Em vez de país que prende banqueiro e empresário, por criminalizar a riqueza, como advogam alguns, é o país onde suspeitos são investigados e culpados são atingidos pelo rigor da lei, independentemente de sua condição social. Em vez de país onde há muita corrupção, é aquele em que as instituições estão combatendo o crime e atingindo pessoas que antes eram consideradas inatingíveis. Em vez de economia na qual a inflação voltou a subir, uma população que puniu com a queda da popularidade o governo que permitiu a alta dos preços. A inversão do olhar talvez fosse o que sugeriria o provocador Settembrini. Só para contrariar o consenso.
Todos chegavam ao Sanatório de Davos com os mesmos sintomas e recebiam a mesma receita de tratamento. Hoje, os países chegam ao Fórum Econômico com diferentes enfermidades, mas recebem invariavelmente a mesma receita. Chame-se o país Grécia, Irlanda, Espanha, Venezuela ou Brasil. No Sanatório, pequenos sinais de melhora não eram considerados prova de cura porque, sabiamente, os médicos entendiam que a jornada da busca da saúde é longa e sinuosa. Hoje, alterações de hábitos, ou novos propósitos, produzem euforia como se o paciente, por milagre, tivesse vencido todas as fraquezas. Em 2016, está sendo assim com a Argentina.

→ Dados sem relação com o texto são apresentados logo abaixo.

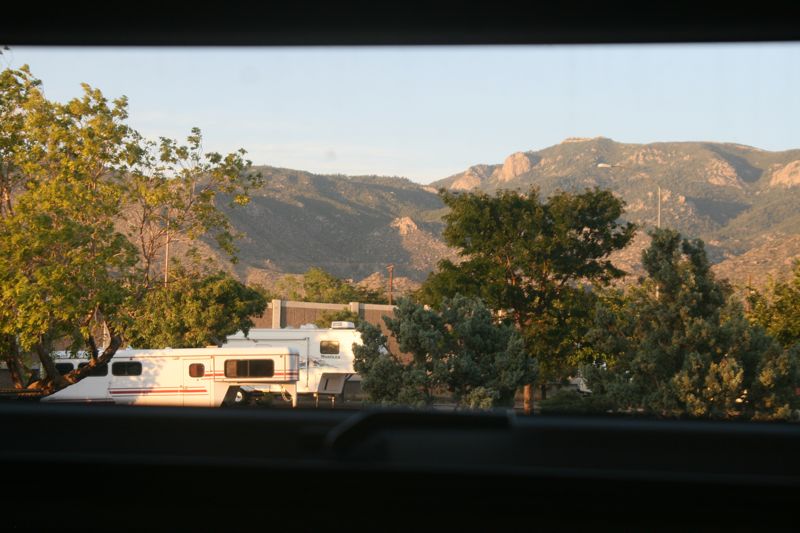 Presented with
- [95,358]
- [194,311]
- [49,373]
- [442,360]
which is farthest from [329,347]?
[442,360]

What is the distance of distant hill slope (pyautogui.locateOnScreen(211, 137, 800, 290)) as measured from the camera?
21875 mm

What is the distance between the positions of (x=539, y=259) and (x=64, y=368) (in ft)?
39.9

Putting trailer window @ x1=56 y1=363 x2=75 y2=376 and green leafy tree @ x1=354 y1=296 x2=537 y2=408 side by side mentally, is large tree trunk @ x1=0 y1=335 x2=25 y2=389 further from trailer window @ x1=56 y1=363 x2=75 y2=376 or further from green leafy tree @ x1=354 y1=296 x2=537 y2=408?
green leafy tree @ x1=354 y1=296 x2=537 y2=408

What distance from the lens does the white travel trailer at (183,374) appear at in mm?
21359

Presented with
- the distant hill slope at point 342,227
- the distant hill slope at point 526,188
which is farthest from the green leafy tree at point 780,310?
the distant hill slope at point 342,227

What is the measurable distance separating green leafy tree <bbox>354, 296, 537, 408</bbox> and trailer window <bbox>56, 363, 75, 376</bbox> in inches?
353

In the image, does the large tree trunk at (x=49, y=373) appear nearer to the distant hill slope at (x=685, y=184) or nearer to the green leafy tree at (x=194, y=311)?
the green leafy tree at (x=194, y=311)

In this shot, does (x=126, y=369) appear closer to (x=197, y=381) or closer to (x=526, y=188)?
(x=197, y=381)

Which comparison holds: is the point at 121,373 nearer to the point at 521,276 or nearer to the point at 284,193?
the point at 284,193

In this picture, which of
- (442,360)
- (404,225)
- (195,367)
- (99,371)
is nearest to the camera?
(442,360)

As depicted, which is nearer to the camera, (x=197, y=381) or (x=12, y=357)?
(x=12, y=357)

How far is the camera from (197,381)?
837 inches

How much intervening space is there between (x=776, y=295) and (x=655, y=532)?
19537 mm

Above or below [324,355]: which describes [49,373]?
below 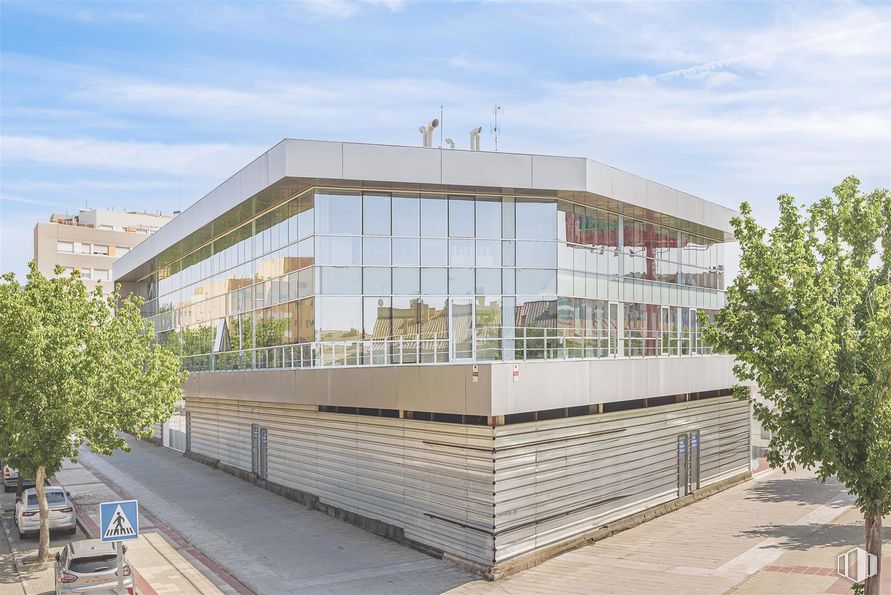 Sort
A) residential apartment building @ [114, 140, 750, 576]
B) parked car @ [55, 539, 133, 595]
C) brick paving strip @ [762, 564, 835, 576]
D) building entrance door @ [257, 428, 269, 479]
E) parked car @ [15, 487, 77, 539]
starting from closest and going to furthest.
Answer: parked car @ [55, 539, 133, 595], brick paving strip @ [762, 564, 835, 576], residential apartment building @ [114, 140, 750, 576], parked car @ [15, 487, 77, 539], building entrance door @ [257, 428, 269, 479]

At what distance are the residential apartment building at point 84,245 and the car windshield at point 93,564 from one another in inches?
3155

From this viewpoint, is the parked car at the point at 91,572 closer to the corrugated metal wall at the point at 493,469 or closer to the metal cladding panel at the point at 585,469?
the corrugated metal wall at the point at 493,469

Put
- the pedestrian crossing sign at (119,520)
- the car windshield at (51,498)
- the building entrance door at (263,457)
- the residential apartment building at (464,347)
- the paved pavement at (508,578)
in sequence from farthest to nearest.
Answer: the building entrance door at (263,457) < the car windshield at (51,498) < the residential apartment building at (464,347) < the paved pavement at (508,578) < the pedestrian crossing sign at (119,520)

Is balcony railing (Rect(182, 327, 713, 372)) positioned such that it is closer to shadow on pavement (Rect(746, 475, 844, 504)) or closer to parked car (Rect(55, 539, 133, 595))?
shadow on pavement (Rect(746, 475, 844, 504))

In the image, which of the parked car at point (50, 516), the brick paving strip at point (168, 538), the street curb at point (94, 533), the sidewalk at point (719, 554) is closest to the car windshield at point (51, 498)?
the parked car at point (50, 516)

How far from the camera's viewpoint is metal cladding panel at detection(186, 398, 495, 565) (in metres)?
17.8

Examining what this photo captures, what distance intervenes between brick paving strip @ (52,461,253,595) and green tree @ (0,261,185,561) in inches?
122

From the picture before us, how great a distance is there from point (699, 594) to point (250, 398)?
1740 centimetres

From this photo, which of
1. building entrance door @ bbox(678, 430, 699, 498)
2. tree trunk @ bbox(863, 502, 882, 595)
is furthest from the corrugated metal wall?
tree trunk @ bbox(863, 502, 882, 595)

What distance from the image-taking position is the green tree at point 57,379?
18828 mm

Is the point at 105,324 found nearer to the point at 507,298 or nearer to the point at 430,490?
the point at 430,490

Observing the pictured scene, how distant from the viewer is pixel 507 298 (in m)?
28.3

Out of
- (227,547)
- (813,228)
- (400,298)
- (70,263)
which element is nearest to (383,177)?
(400,298)

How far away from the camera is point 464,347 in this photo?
26688 millimetres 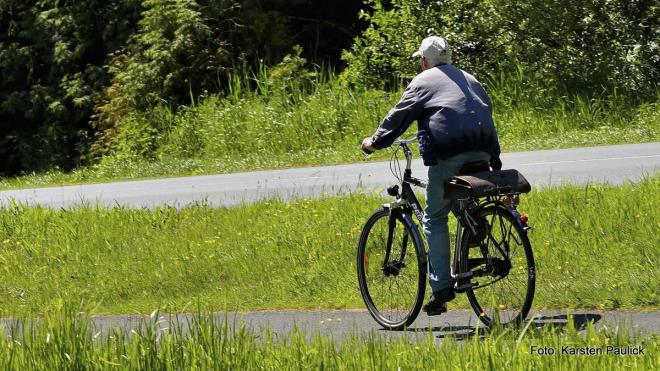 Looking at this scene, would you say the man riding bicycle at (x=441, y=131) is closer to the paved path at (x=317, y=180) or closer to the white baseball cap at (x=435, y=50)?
the white baseball cap at (x=435, y=50)

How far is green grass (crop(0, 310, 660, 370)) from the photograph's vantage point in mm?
6055

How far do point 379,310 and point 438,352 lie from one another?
2609 mm

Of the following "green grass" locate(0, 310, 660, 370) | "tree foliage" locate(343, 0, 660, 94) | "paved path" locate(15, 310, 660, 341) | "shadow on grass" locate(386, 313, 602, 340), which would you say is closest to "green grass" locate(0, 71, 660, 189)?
"tree foliage" locate(343, 0, 660, 94)

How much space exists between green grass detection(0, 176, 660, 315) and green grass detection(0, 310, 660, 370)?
8.11ft

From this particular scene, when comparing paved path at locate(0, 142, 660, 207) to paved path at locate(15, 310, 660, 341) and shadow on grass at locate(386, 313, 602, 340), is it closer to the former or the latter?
paved path at locate(15, 310, 660, 341)

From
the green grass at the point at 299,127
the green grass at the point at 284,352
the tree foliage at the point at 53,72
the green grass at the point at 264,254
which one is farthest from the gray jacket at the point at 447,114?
the tree foliage at the point at 53,72

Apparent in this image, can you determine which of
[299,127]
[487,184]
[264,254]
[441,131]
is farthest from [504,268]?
[299,127]

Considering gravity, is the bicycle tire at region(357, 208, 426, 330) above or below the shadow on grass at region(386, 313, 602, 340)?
above

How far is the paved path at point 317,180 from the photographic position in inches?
584

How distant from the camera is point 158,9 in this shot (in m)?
26.5

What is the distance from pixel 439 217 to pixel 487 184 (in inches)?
25.7

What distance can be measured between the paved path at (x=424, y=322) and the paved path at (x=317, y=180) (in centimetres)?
435

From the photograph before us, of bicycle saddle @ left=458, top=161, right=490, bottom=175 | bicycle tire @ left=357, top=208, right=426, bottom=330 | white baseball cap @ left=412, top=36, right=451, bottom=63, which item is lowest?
bicycle tire @ left=357, top=208, right=426, bottom=330

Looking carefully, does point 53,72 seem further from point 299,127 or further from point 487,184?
point 487,184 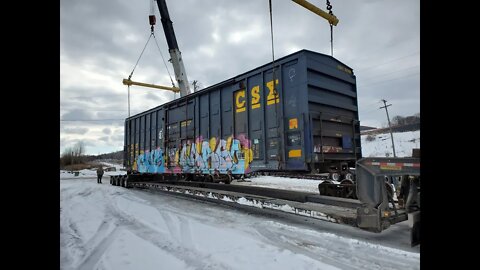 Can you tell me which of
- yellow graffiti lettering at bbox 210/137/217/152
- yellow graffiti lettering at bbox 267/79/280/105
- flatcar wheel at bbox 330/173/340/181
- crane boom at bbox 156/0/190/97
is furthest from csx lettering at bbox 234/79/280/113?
crane boom at bbox 156/0/190/97

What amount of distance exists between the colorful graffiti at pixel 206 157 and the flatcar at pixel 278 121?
3cm

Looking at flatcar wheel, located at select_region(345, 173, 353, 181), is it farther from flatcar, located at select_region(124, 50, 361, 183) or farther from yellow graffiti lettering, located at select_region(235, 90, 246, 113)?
yellow graffiti lettering, located at select_region(235, 90, 246, 113)

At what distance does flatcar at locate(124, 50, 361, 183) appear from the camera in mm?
7426

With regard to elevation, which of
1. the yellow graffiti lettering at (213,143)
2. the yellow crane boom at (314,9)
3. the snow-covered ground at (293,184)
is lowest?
the snow-covered ground at (293,184)

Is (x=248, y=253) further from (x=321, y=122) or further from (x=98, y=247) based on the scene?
(x=321, y=122)

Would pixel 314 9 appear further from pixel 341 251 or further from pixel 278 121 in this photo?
pixel 341 251

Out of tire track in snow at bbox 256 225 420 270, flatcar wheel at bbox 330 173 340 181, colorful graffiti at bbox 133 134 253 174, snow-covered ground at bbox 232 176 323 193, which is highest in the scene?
colorful graffiti at bbox 133 134 253 174

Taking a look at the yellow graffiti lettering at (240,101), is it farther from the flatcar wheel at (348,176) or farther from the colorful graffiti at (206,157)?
the flatcar wheel at (348,176)

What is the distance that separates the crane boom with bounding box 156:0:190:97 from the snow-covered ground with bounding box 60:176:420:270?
954 cm

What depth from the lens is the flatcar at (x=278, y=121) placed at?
7426 mm

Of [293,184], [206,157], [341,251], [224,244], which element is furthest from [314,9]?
[224,244]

A tuberculose era um mal universal para o qual o mundo do início do século XX não tinha o trio de antibióticos que o venceu e o colocou no rol das doenças sob o controle dos médicos. A crise fiscal é um mal presente em inúmeros países e para o qual os economistas prescrevem um único tratamento, genericamente conhecido pelo nome de “ajuste”. Para enfrentar de fato o problema, é preciso entender de complexidades e nuances. O Brasil é diferente da Grécia, está em melhor situação que a Argentina, não fez o esforço da Irlanda. Os países são diferentes e suas histórias construíram nós fiscais diversos. A crise provocada por gastos além das receitas exige dos economistas a ousadia dos cientistas que encontram formas novas de tratar doenças. O que desanima é a mesmice dos diagnósticos e prescrições.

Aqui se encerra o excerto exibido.